The trend overall is for more integrated, technical and velocity-driven solutions for all 3PLs. Web-based inventory tracking and event management are necessities. In recent research done by Armstrong & Associates on the VAWD segment, the most requested value-added services were reverse logistics, vendor/inventory management and customization/subassembly. With regard to transportation value-adds, the major requirements are for international transportation/ customs brokerage assistance, expanded IT/visibility and domestic transportation network management. These value-added preferences reflect the global trends to overseas outsourcing, longer supply chains and better information control.
The ranks of these global players will continue to concentrate in the near future. Three important trends are driving this path to fewer and larger global 3PLs:
1. The world's largest manufacturers and retailers have solidly adopted the logistics outsourcing concept, and they prefer to do business with other larger companies, including their 3PLs.
2. While more and more manufacturing, sourcing and other supply chain activities are happening in places like China, India, Latin America and other emerging markets, required logistics capabilities often do not yet exist in these regions. The Global 1000 companies operating in these markets want global logistics providers that can expand operations wherever they are needed and move from region to region as manufacturing sources change.
3. To quickly grow in size, capability and geographic reach, global 3PLs must expand by acquisition. The big 3Pls that intend to be among the handful of truly global players are under great pressure to eat or be eaten by their competition.
Bigger is Better
Global corporations increasingly want single points of contact for their outsourced logistics. For example, a few years ago, General Motors formed Vector, a logistics management company that it jointly owns with CNF Inc., the parent of Con-Way Transportation, Menlo Worldwide and its subsidiary, Menlo Logistics. This so-called 4PL runs much of GM's supply chain in the U.S., but the actual logistics operations have been subcontracted to other 3PLs, including TNT North America, Penske and several others. The logistics subcontractors are doing the inbound materials management, dedicated contract carriage, cross-docking and other logistics tasks, but Vector is GM's one point of contact.
We are seeing this trend play out as the Global 1000 corporations send out their requests for proposal for logistics services. Often only the very top players are being asked to bid, and the bar for what constitutes a top player keeps rising. The smaller players may be great companies, but they end up performing parts of the total logistics contract as subcontractors. Large corporations are often looking for larger 3PLs with financial stability and wide geographic coverage.

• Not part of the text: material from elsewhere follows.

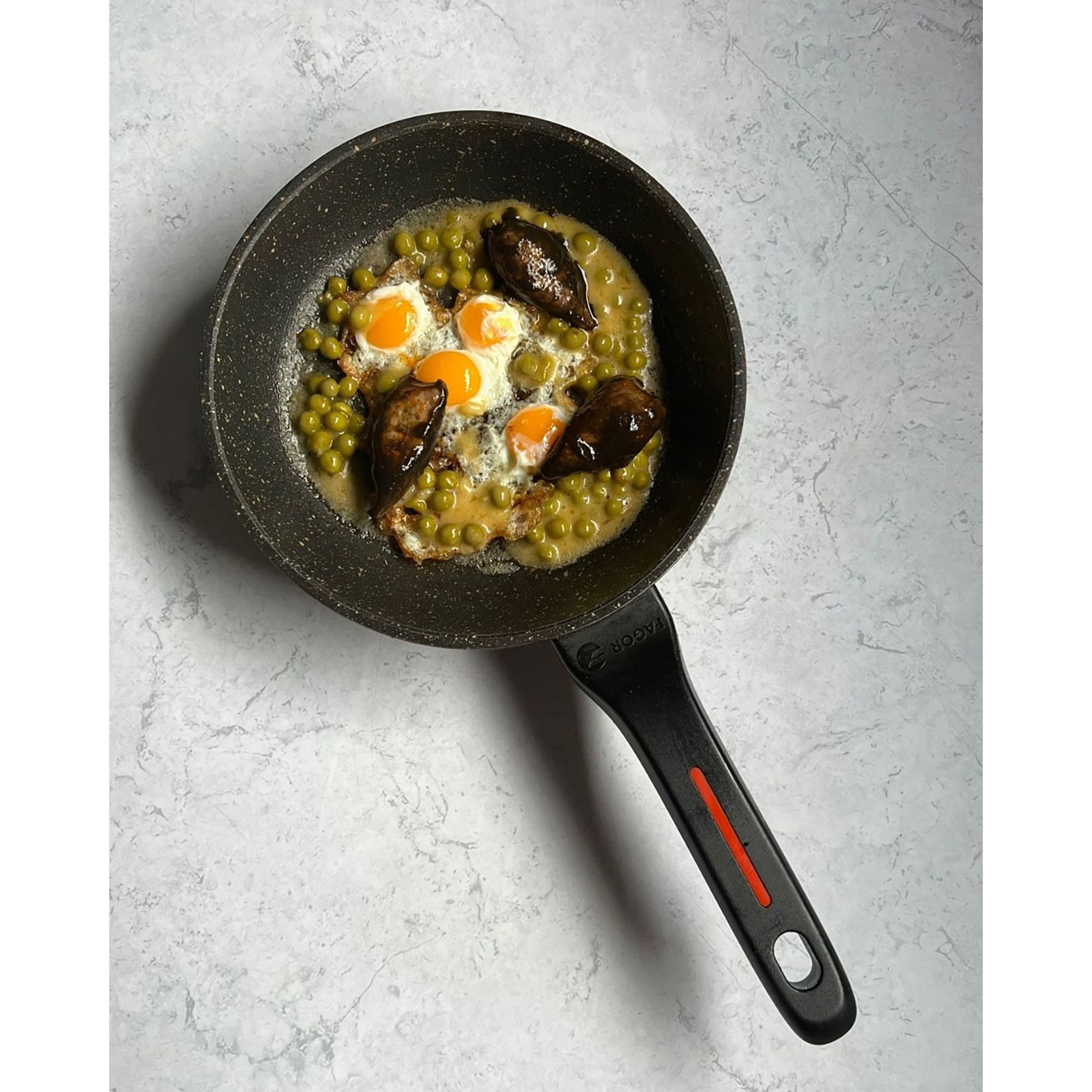 Sartén con huevos fritos, guisantes y carne. La sartén tiene un mango negro y está sobre mármol.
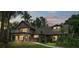 Charming two-story home featuring a balcony, mature landscaping, and inviting curb appeal at 2202 Amity Ct, New Port Richey, FL 34655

This trend will increase as more companies become virtual manufacturers producing nothing themselves. Cisco, for example, outsources its production operations except for marketing, sales and high level management. Virtual companies use world-class contract manufacturers like Solectron and Flextronics, but they also need the best logistics capabilities to manage their extended supply chains. Increasingly, that means using 3PLs.
In the automotive industry, large 3PLs dominate the market because they can offer a combination of asset and non-asset capabilities. Penske, Ryder and TNT all have a combination of supply-chain management, transportation execution management and planning capabilities, as well as cross-docking and VAWD capabilities. Automotive logistics 3PLs often provide assets for dedicated contract carriage milk runs from suppliers to plants and value-added services on components just before they are delivered to the production line. The financial muscle to afford these capabilities only exists at a handful of 3PLs.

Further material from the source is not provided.